Malaysian palm oil futures rose to their highest in one-and-a-half weeks on Wednesday, marking a second consecutive session of gains, helped by tight supplies and improving exports.
Benchmark palm oil futures for March delivery on the Bursa-Malaysia-Derivatives-Exchange were up 0.1 per cent at 3,130 ringgit (699 dollars) a tonne at the close of trade, after touching a high of 3,153 ringgit earlier in the day, its strongest since December 19.
Traded volumes stood at 37,024 lots of 25 tonnes each at the end of the trading day, below the 2015 daily average of 44,600 lots.
“The market was caught by surprise as exports improved,” said a Kuala Lumpur-based trader, referring to cargo surveyor data, which showed that exports fell less than expected.

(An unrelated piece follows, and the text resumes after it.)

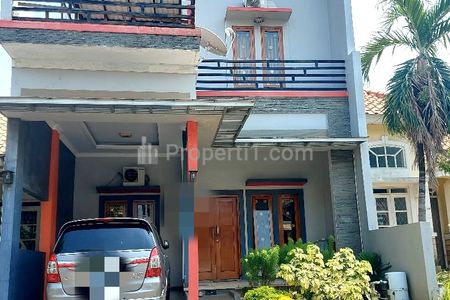 Dijual Rumah Kecil Banyak Kamar di Kota Wisata Cibubur - Hadap Timur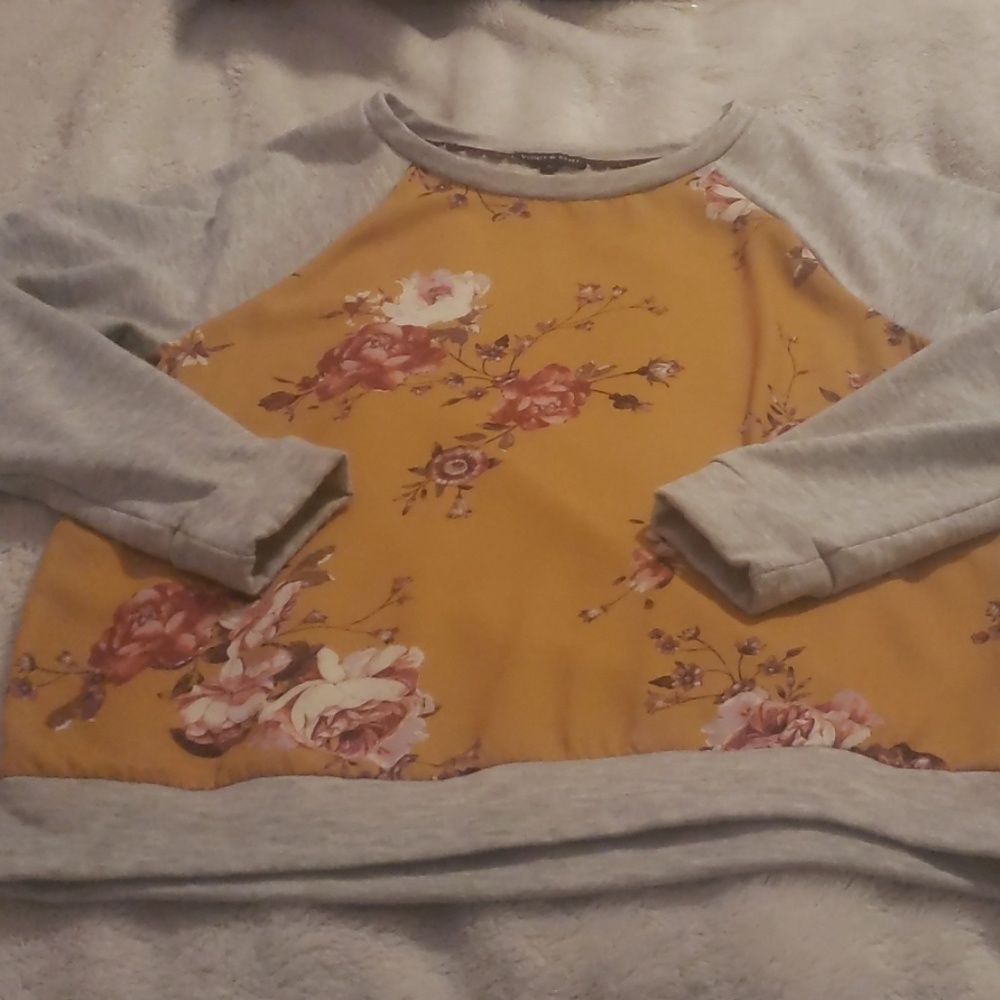 Violets & Roses pullover.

“Production is bad and physical prices are still high. I think (prices) will test highs again.”
Malaysian palm oil shipments showed that falls in exports were slowing. Exports fell 5-7 per cent in the December 1-25 period from the previous month, compared with a 14-17 per cent fall during December 1-20.
Demand for the tropical oil usually weakens at the end of the year from major buyers India and China, as palm solidifies due to the cold weather.

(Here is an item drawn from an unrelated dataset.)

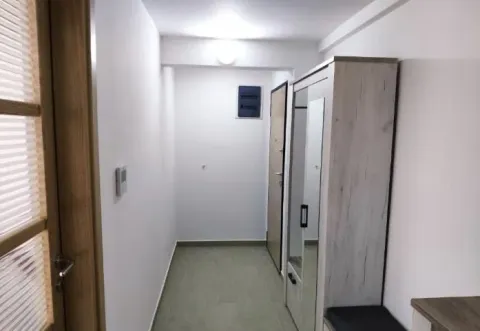 Rent, one bedroom apartment, 48m², Centar, Tivat - image 7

Production in Malaysia, the world’s second largest producer, usually drops in the final quarter of the year as the fruit-harvesting process is disrupted by rainfall, contributing to tight supplies.
In related vegetable oils, the March soybean oil contract on the CBOT was down 0.3 per cent, while the May soybean oil contract on the Dalian Commodity Exchange rose by one per cent.
The May contract for Dalian palm oil rose by 1.1 per cent.
Palm prices are impacted by the performance of other rival edible oils, as they compete for a share in the global vegetable oil market.